Cela empêche-t-il Bart De Wever d’être un bon Premier ministre ? Le discours qu’il a prononcé le 25 septembre 2025 à la tribune de l’assemblée générale plénière annuelle des Nations unies semble valider mon appréciation personnelle. M’a fait repenser à cette conversation cet extrait d’article d’un collègue sur Substack intitulé « The Words of the World » dans le Geopolitical Dispatch. « The speeches captured not just policy but posture, not just action but performance. And in that performance lies the truth of where the world stands (...) »

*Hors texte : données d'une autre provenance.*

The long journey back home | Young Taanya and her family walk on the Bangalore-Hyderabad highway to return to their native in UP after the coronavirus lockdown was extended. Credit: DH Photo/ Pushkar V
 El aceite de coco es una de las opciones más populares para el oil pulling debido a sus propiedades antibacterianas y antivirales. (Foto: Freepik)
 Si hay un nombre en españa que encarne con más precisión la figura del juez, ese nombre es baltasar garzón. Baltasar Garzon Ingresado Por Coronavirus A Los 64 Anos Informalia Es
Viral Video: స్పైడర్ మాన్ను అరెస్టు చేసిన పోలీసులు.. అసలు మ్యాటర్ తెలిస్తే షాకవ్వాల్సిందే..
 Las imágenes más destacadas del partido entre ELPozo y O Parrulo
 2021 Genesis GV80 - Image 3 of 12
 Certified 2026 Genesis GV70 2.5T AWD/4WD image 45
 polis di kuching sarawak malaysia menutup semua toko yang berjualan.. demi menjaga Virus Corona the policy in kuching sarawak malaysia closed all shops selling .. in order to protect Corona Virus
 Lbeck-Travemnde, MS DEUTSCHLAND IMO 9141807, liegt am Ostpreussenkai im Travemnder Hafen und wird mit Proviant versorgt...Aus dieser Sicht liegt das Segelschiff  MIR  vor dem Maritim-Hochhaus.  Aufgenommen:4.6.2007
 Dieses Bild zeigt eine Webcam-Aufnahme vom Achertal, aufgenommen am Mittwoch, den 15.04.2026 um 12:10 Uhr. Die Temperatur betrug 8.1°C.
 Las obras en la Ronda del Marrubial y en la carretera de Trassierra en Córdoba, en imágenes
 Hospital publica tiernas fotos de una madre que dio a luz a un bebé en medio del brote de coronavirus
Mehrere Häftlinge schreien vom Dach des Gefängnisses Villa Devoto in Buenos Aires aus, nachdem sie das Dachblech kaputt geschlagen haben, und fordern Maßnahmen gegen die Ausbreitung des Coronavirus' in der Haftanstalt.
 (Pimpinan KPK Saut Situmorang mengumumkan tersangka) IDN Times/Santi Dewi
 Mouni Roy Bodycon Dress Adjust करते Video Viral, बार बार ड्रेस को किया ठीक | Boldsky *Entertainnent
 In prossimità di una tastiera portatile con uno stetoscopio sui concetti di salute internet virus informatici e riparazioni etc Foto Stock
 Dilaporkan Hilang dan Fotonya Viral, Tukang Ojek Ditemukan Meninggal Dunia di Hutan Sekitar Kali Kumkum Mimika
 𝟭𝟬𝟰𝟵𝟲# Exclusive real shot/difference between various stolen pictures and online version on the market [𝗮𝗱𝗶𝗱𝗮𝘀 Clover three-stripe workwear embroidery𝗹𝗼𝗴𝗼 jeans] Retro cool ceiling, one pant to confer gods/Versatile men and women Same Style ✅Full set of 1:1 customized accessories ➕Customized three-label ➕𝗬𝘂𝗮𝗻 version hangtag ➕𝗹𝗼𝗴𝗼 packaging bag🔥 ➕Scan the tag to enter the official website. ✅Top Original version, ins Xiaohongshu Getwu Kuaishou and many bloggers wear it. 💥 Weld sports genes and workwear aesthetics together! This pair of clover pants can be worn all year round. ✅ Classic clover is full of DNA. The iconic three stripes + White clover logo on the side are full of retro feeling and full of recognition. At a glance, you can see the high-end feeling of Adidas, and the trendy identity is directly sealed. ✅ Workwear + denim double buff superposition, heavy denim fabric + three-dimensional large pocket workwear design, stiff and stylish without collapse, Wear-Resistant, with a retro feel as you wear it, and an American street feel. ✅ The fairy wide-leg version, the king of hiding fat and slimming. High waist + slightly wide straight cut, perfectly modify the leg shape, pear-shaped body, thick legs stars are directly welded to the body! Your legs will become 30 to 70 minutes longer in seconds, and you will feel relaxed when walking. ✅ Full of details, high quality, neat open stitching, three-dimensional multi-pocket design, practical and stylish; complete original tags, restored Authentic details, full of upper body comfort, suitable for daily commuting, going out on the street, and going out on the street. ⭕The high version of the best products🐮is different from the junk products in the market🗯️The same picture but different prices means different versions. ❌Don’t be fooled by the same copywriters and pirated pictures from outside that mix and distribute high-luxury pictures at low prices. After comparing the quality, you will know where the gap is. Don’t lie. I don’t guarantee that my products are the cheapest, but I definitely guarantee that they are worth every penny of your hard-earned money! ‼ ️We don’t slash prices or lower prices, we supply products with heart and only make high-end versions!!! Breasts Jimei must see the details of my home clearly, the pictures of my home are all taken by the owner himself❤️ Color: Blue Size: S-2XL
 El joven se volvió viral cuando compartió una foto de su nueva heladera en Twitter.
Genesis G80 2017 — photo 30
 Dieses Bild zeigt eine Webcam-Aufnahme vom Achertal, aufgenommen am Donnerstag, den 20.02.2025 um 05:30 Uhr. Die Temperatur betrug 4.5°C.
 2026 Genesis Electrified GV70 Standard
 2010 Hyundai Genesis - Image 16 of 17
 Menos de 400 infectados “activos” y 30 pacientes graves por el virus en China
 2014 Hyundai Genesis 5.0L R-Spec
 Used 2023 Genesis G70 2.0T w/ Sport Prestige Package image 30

Autrement dit : plus que ce qu’un chef d’État ou de gouvernement dit, ce sont comment il le dit, ce qu’il ne dit pas, le rythme, la répétition, les métaphores choisies - tout cela est « parlant » et révèle des priorités stratégiques et des intentions pour l’avenir. Dans ce cadre, le discours du Premier ministre de la Belgique, prononcé de manière convaincante et dans un anglais meilleur que celui de la plupart dont ce n’est pas la langue maternelle, s’écoute comme une partition savamment orchestrée.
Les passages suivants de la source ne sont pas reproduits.